** Opening Data for this exercise block **

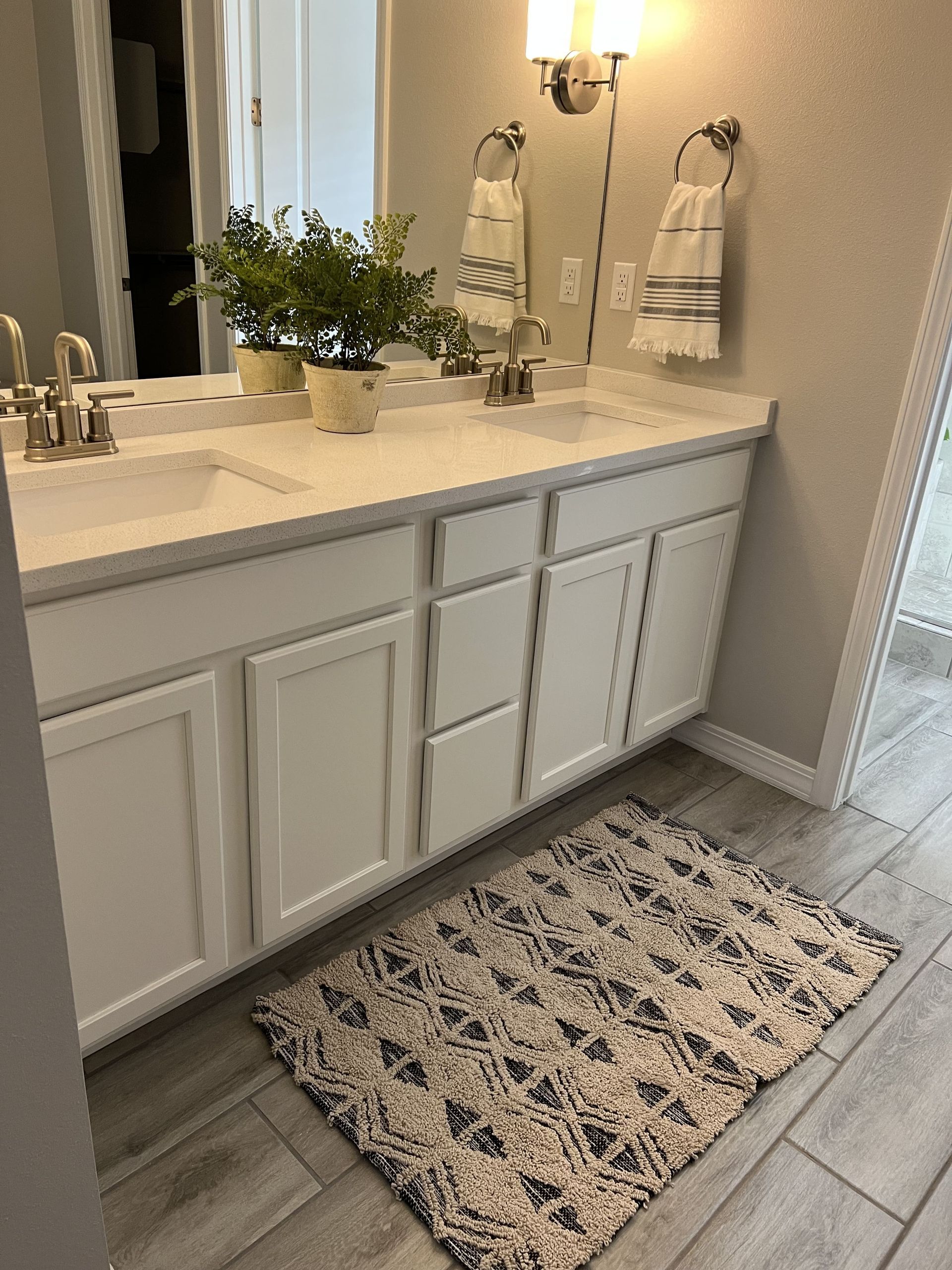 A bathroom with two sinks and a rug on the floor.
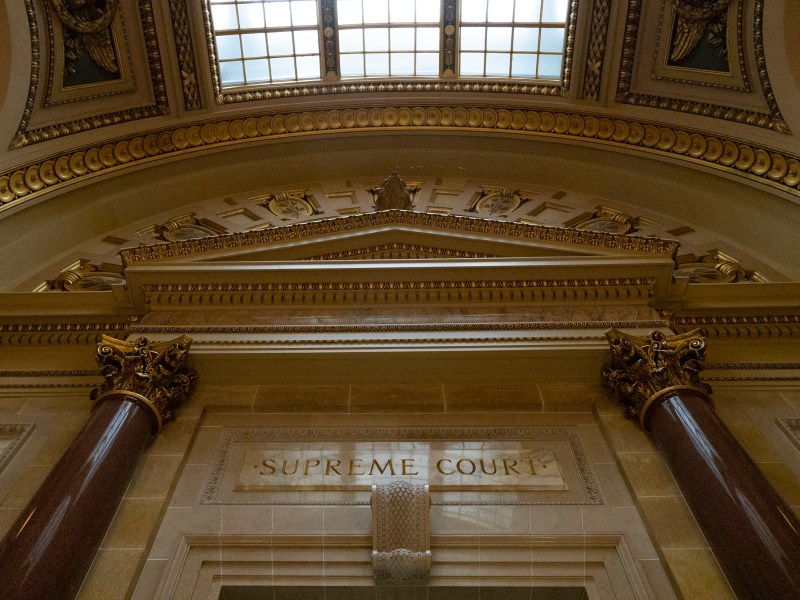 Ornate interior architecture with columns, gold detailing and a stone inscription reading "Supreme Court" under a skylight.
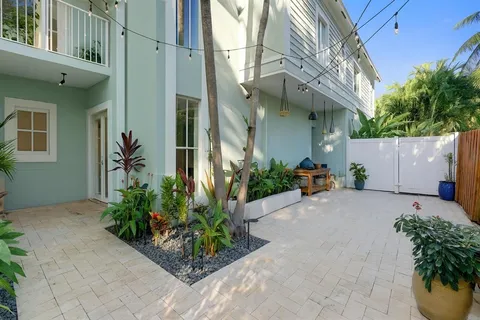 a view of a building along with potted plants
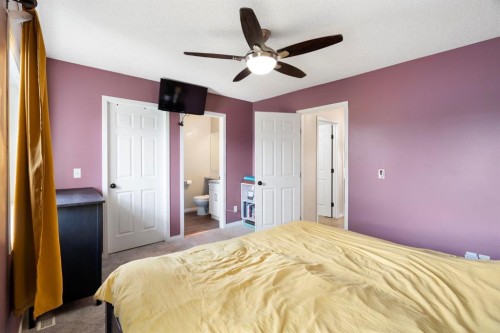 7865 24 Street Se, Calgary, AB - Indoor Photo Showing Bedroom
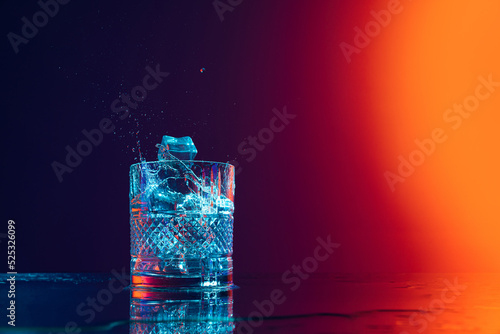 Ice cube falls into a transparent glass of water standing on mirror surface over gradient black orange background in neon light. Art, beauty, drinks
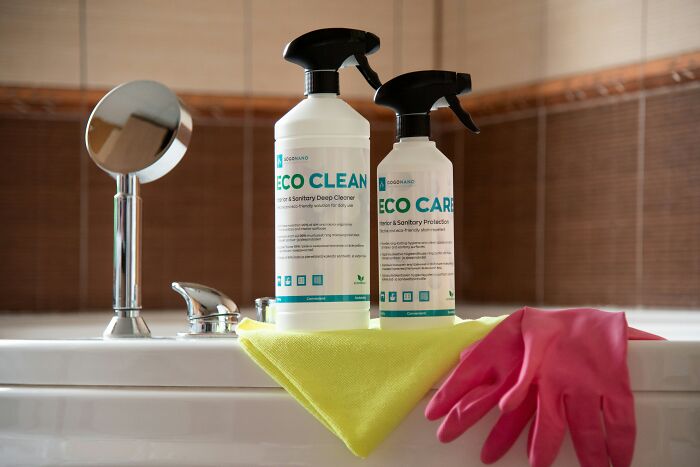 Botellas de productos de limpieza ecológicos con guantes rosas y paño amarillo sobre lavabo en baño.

** Closing Data for this exercise block **

Task objective:
Except for the pictures, give the data again word for word.

Result for this exercise:
 A bathroom with two sinks and a rug on the floor.
 Ornate interior architecture with columns, gold detailing and a stone inscription reading "Supreme Court" under a skylight.
 a view of a building along with potted plants
 7865 24 Street Se, Calgary, AB - Indoor Photo Showing Bedroom
 Ice cube falls into a transparent glass of water standing on mirror surface over gradient black orange background in neon light. Art, beauty, drinks
 Botellas de productos de limpieza ecológicos con guantes rosas y paño amarillo sobre lavabo en baño.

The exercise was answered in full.